“For too long ‘white’ American political theory has reigned unopposed, in a tradition from Thomas Jefferson to John Rawls either overtly racist or at best race-evasive, despite (or maybe because of?) the centrality of race to the construction of the US polity. In this valuable contribution to a growing body of work rediscovering and reclaiming an oppositional African American tradition, Alex Zamalin shows how the fiction and essays of James Baldwin, Ralph Ellison, and Toni Morrison can be read as a bold political challenge to this white evasion of the responsibility of dealing with racial injustice and a mapping of a new emancipatory vision for all Americans.”

Charles W. Mills, John Evans Professor of Moral and Intellectual Philosophy, Northwestern University 

“Alex Zamalin carefully traces how three towering yet still under-appreciated American intellectuals-James Baldwin, Ralph Ellison, and Toni Morrison-re-centered the idea of political change on strenuous, critical self-examination-looking fearlessly upon one’s own ’emotional limitations, undemocratic commitments and unseen moral attachments. American political science often pretends that we can transform the polity simply through deft management of external forces. Baldwin, Ellison, and Morrison teach that no change worth the name can come without an unflinching look at one’s own vulnerability, one’s own investments in injustice, one’s own attempts to escape freedom. A searching and perceptive book.”

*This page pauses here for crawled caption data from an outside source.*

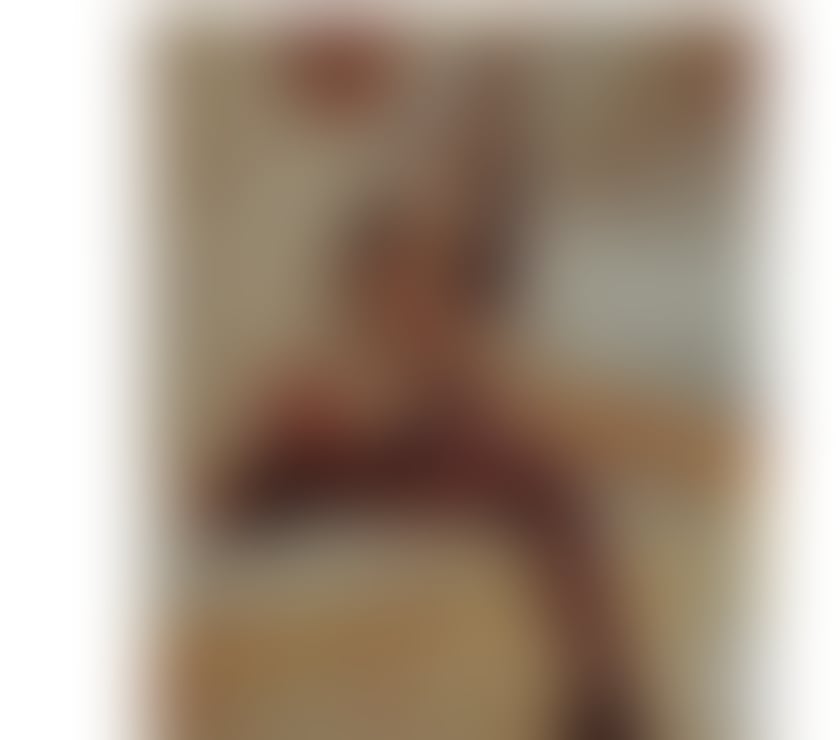 Escorts Bedfordshire Central Bedfordshire - Photos for ❣️SWEET ,BEST TIME! PARTY, AVAILABLE✅️. REAL❣️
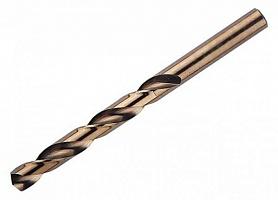 Сверло по металлу (4,7 x 47 HSS-G) BOSCH 2.608.596.873 Сверло по металлу (4,7 x 47 HSS-G) BOSCH 2.608.596.873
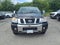 2014 Nissan Titan SV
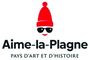 VILLE D'AIME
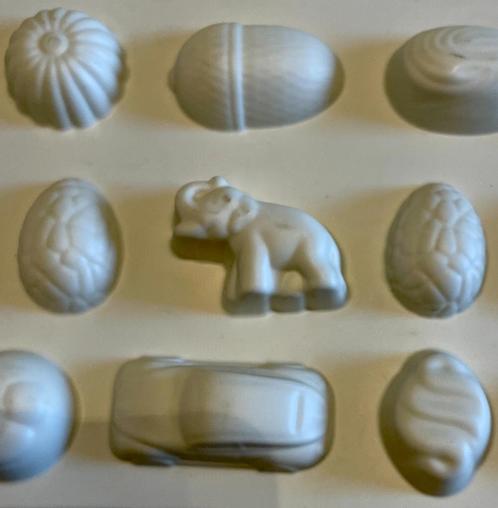 Kit fabrication pralines Côte d’Or - vintage, Huis en Inrichting, Keuken | Keukenbenodigdheden, Nieuw, Ophalen of Verzenden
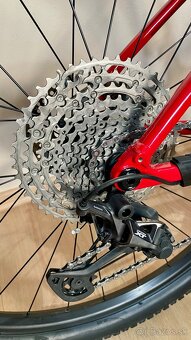 Trek Procaliber 6 L - 8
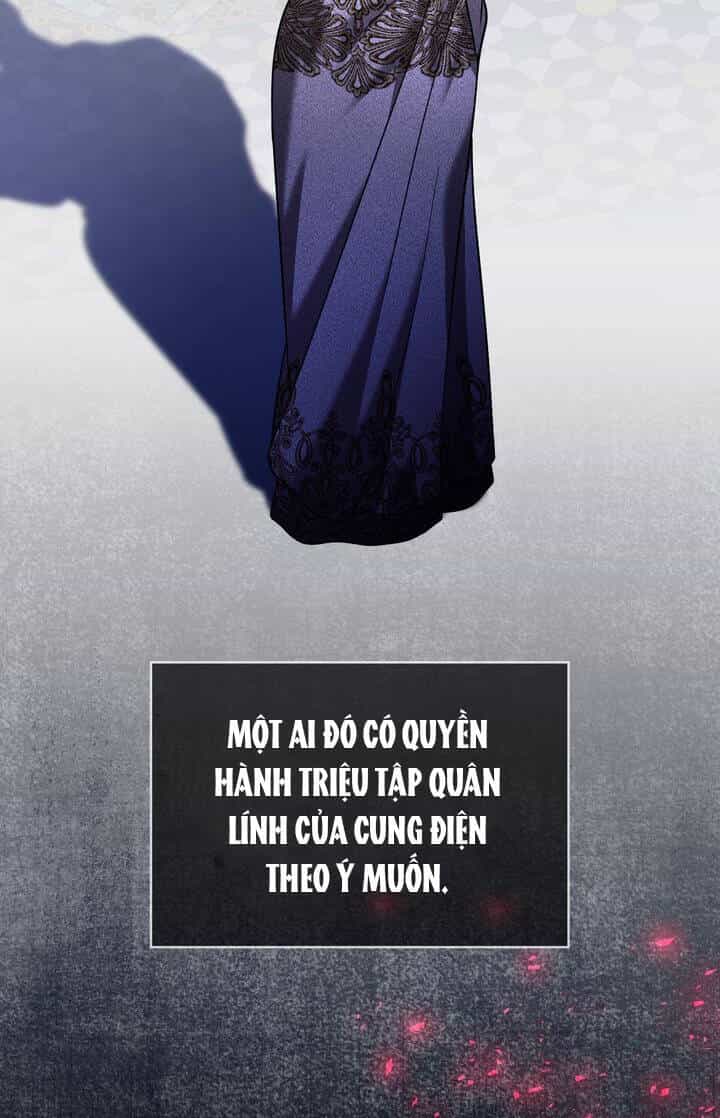 Sự Hy Sinh Của Ác Quỷ - Chương 14.1 - ảnh 11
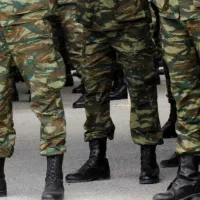 εποπ στρατιώτες προσλήψεις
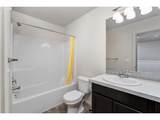 1952 117TH Ct - Photo 23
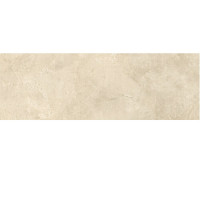 PORTOFINO CREMA MARFIL 10X30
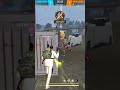 # 1vs4 coloch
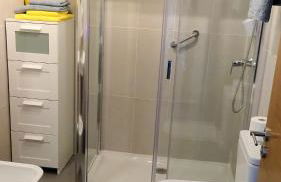 Sotavento Las Terrazas II, La Tejita - Foto 10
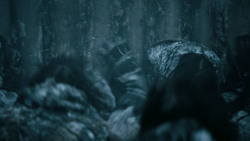 extant_GameOfThrones_5x08-Hardhome_4550
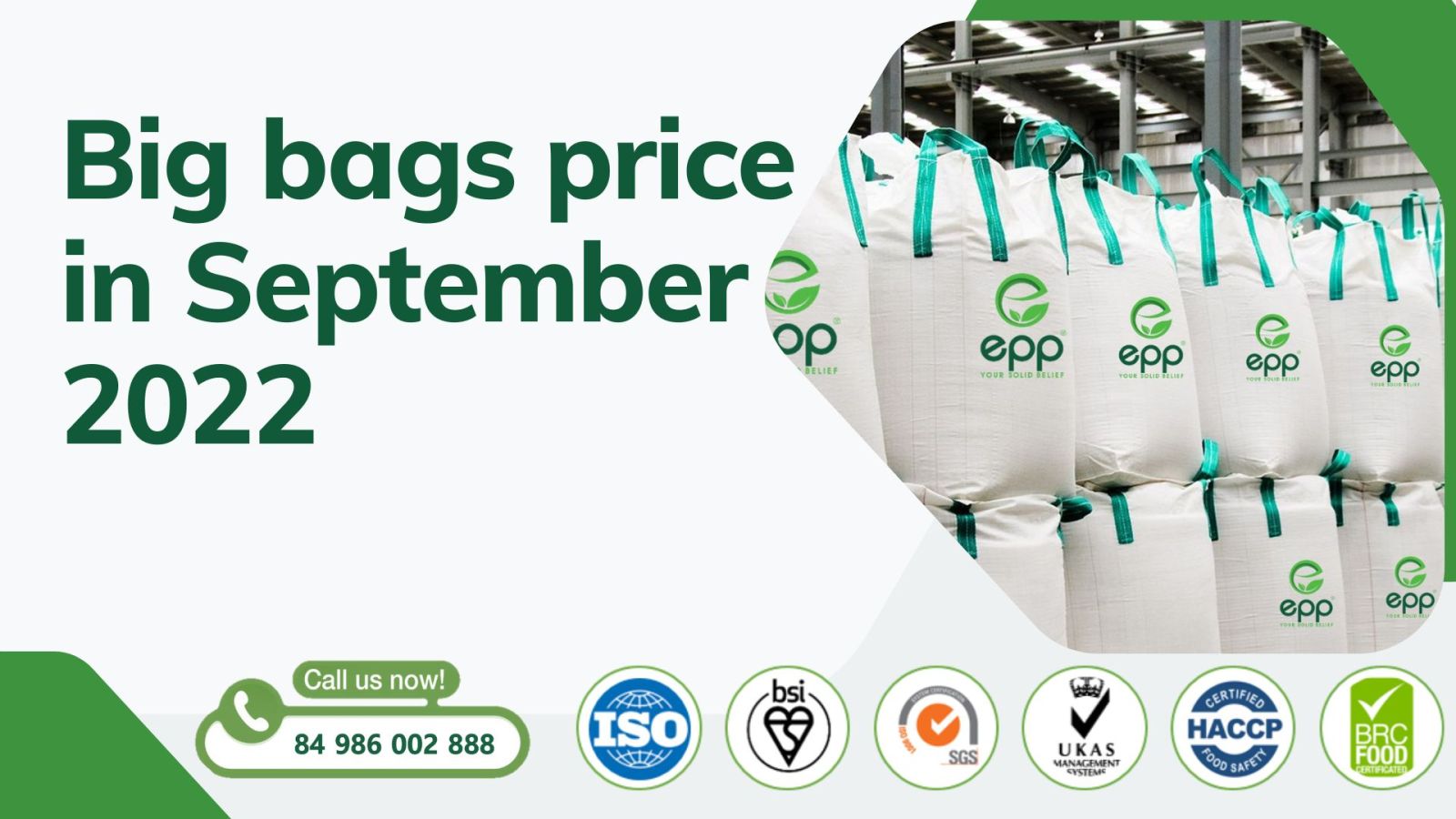Big-bags-price-in-September-2022.jpg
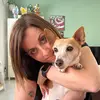 Elisa Salerno - @elisa.salerno1 - TikTok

Jack Turner, Associate Professor of Political Science, University of Washington, author of Awakening to Race (2012) 

“In this insightful volume, Alex Zamalin shows how the works of James Baldwin, Ralph Ellison and Toni Morrison offer profound resources for anyone seeking to understand American political culture. Zamalin engages the powerful challenges of African American political thought to make visible what too many whites disavow about the relays between politics and ethics in contemporary America. Extending beyond critique, readers are confronted with energizing visions of what it might mean to consciously embody freedom as a practice.”

P.J. Brendese, Asst. Professor of Political Science, Johns Hopkins University 

“This is an important intervention in the contemporary conversation on race and democracy. The book places recent events, such as the killing of Michael Brown in Ferguson, Missouri, in the context of a conversation about the larger political project that is America. In discussing the works of Baldwin, Ellison, and Morrison, the author argues for the importance of a particular intellectual tradition in the contemporary politics of race in American society. The nuanced discussion is both accessible to the reader interested in learning more about how race impacts democratic ideals, and provides original and incisive claims that will be of great interest to scholars of political theory, race, and democracy.”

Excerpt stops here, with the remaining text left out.